Assigned task:
Below is a block of records; return all of them exactly, but without the images.

(Records from a collection)
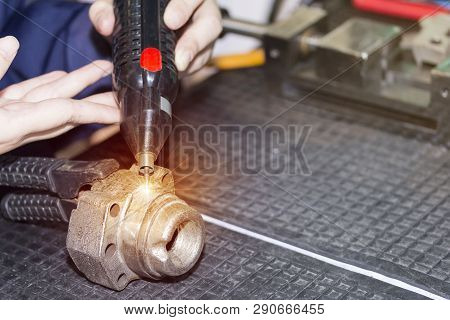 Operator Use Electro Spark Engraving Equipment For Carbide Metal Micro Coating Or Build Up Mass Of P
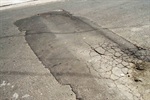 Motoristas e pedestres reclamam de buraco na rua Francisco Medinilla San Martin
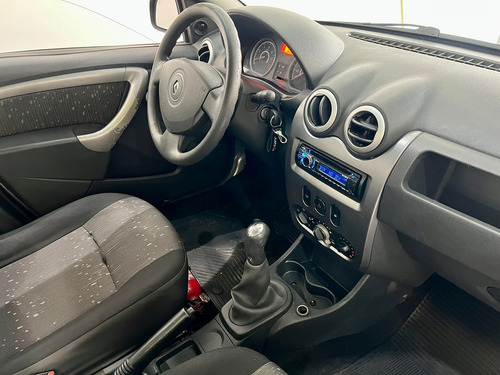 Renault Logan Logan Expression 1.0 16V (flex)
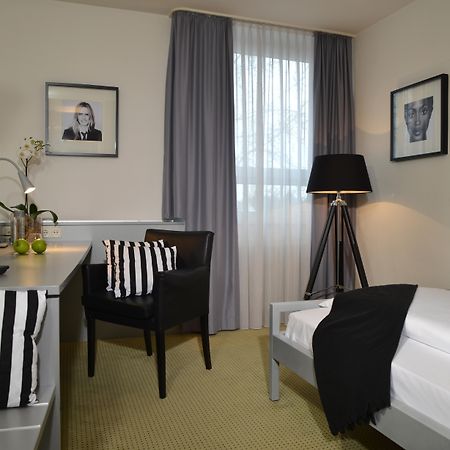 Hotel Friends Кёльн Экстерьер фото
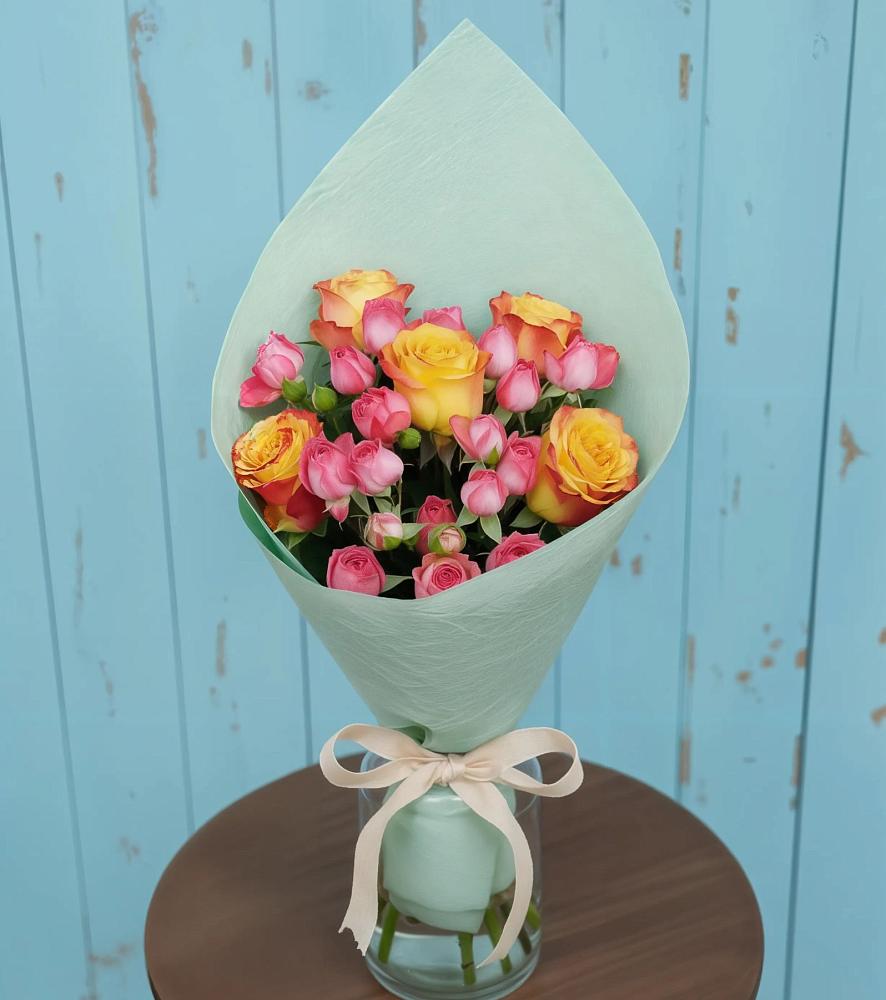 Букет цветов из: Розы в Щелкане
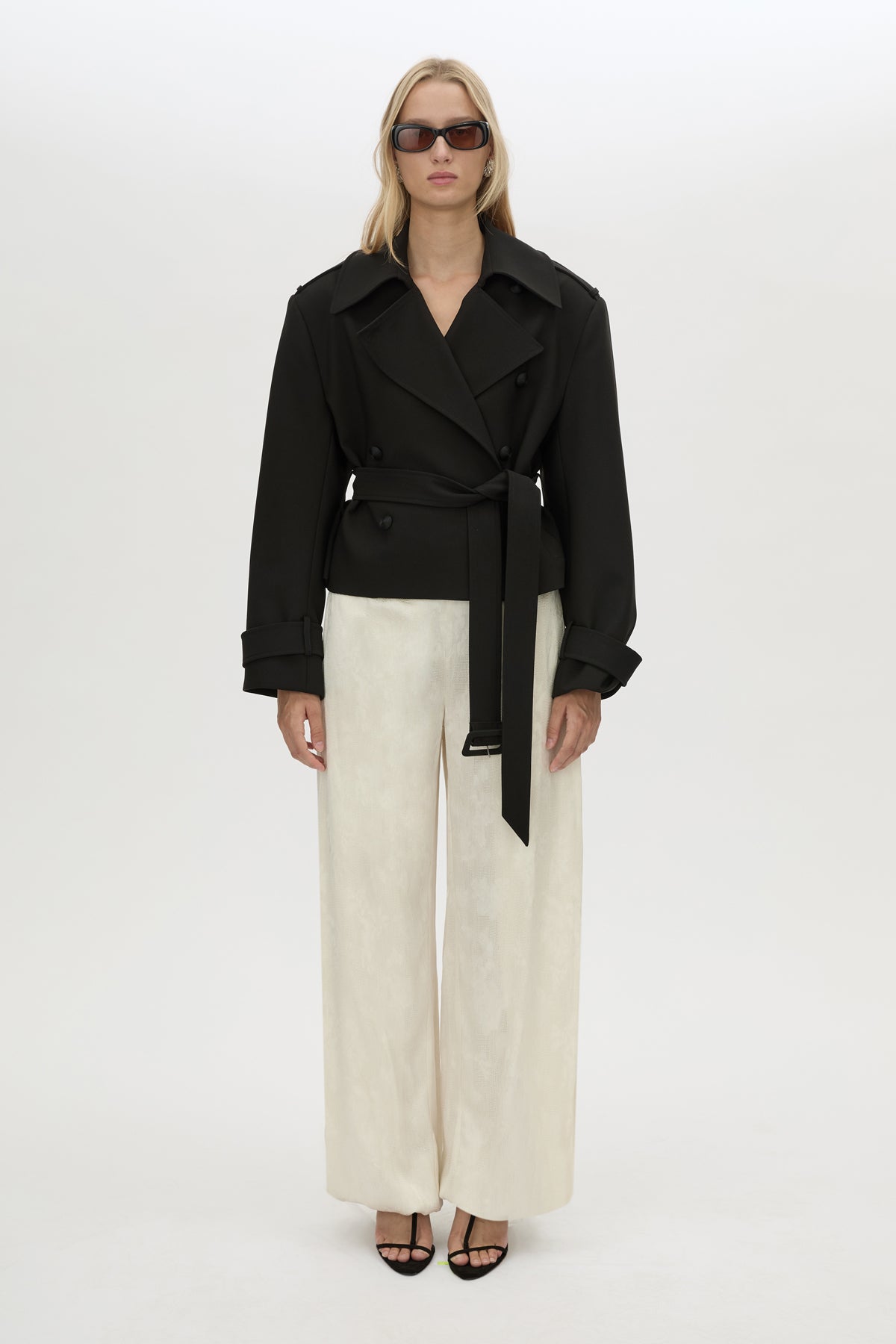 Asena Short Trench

Written answer:
 Operator Use Electro Spark Engraving Equipment For Carbide Metal Micro Coating Or Build Up Mass Of P
 Motoristas e pedestres reclamam de buraco na rua Francisco Medinilla San Martin
 Renault Logan Logan Expression 1.0 16V (flex)
 Hotel Friends Кёльн Экстерьер фото
 Букет цветов из: Розы в Щелкане
 Asena Short Trench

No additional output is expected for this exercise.